Just three days after Fiat Chrysler Automobiles (FCA) unveiled a fleet of specially adapted Chrysler Pacifica minivans that are about to join Waymo's self-driving test fleet, Honda has confirmed that it's entered "formal discussions" with Google's autonomous vehicle technology company.

The ultimate aim of the potential partnership will be to offer consumers safety-focused next-generation autonomous driving technology in 2020/2021 model year production cars.

Honda has already invested heavily in this area via its dedicated Silicon Valley R&D center.
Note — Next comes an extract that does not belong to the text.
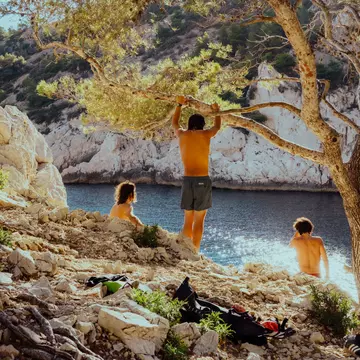 Three people relax in the shade of a tree near a cliff-backed beach on a sunny day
Opened officially in July 2015 with the aim of fast-tracking high-tech concepts into real-world products, features and services, it's already developed an automated highway driving system.

That's why the company says that any collaboration with Waymo would also involve Honda engineers based in both California and Tochigi, Japan, the idea being that the two firms would be able to compare notes.
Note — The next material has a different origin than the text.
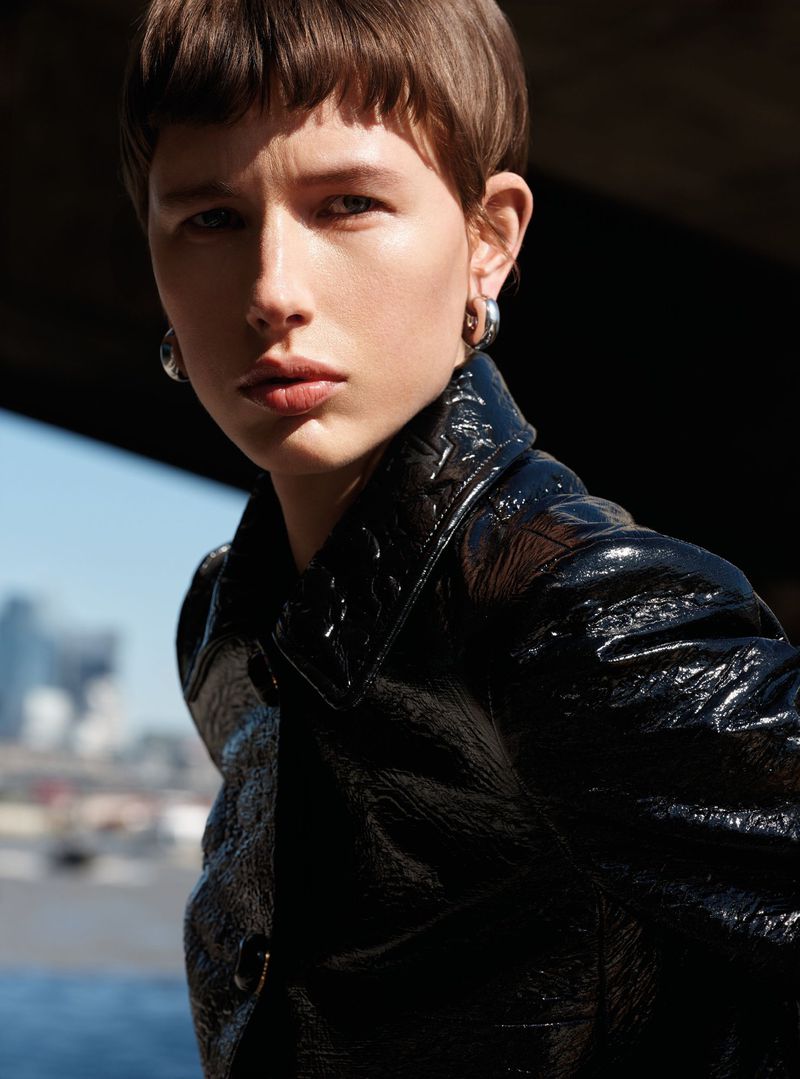 Model with short brown hair wearing a glossy black jacket and silver hoop earrings against an urban backdrop.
Though myriad car and tech companies are racing to be the first with a viable self-driving vehicle platform -- from BMW to Volvo -- every automaker has stressed that this is new territory and that no one knows for sure which system or systems will ultimately prove to be the optimum solution to delivering zero-fatality highway driving.

The announcement also seems to confirm that Google is scaling back its own autonomous vehicle ambitions. Though the company has been developing systems for over eight years and its autonomous fleet has clocked up the equivalent of 300 years' constant driving, it is now increasingly likely that the company wants to be a provider -- licensing integrated software and hardware -- rather than a manufacturer building cars that would have to compete with those from an industry established for over a century.

Its freshly spun-out firm Waymo -- officially established on Dec. 13 -- even bills itself as a "self-driving technology company."